SUPPLIED INFORMATION ->
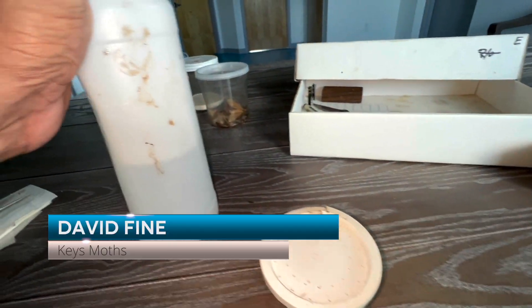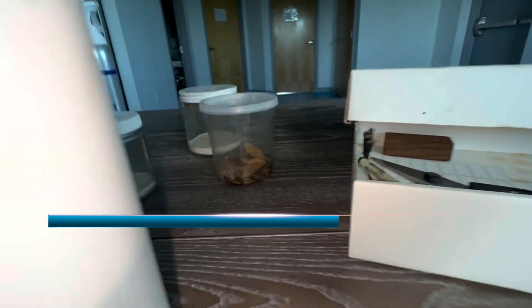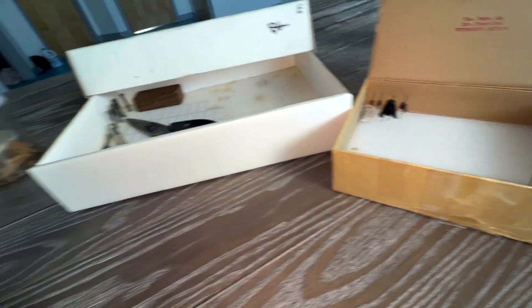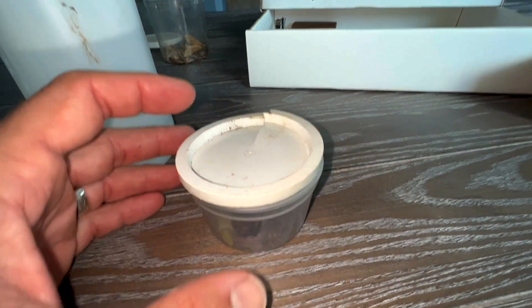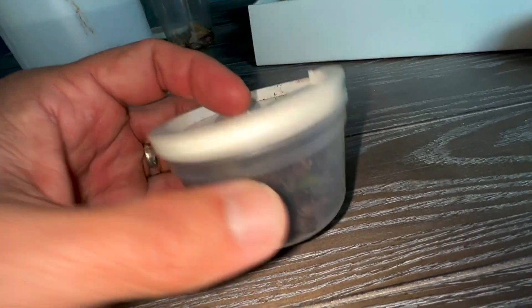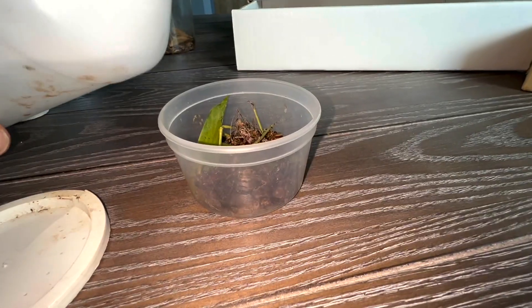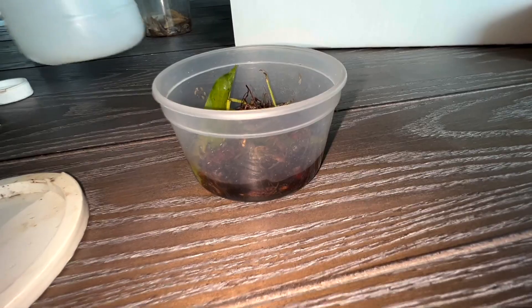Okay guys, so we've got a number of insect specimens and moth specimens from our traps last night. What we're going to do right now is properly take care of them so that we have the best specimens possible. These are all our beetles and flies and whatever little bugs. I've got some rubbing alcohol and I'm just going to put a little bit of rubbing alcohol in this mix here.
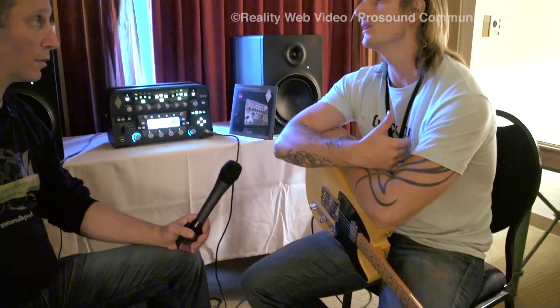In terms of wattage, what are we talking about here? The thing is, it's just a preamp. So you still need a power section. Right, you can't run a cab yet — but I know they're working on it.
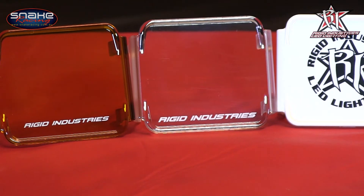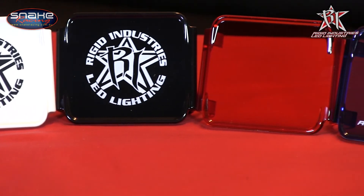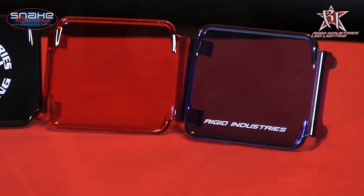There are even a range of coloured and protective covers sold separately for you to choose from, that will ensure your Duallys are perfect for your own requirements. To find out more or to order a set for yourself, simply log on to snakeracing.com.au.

TASK ITEM -> Your copy should run from the line that has "In terms of" through the last line above, exactly, with both ends in and pictures out.

TASK RESULT ->
In terms of wattage, what are we talking about here? The thing is, it's just a preamp. So you still need a power section. Right, you can't run a cab yet — but I know they're working on it.
There are even a range of coloured and protective covers sold separately for you to choose from, that will ensure your Duallys are perfect for your own requirements. To find out more or to order a set for yourself, simply log on to snakeracing.com.au.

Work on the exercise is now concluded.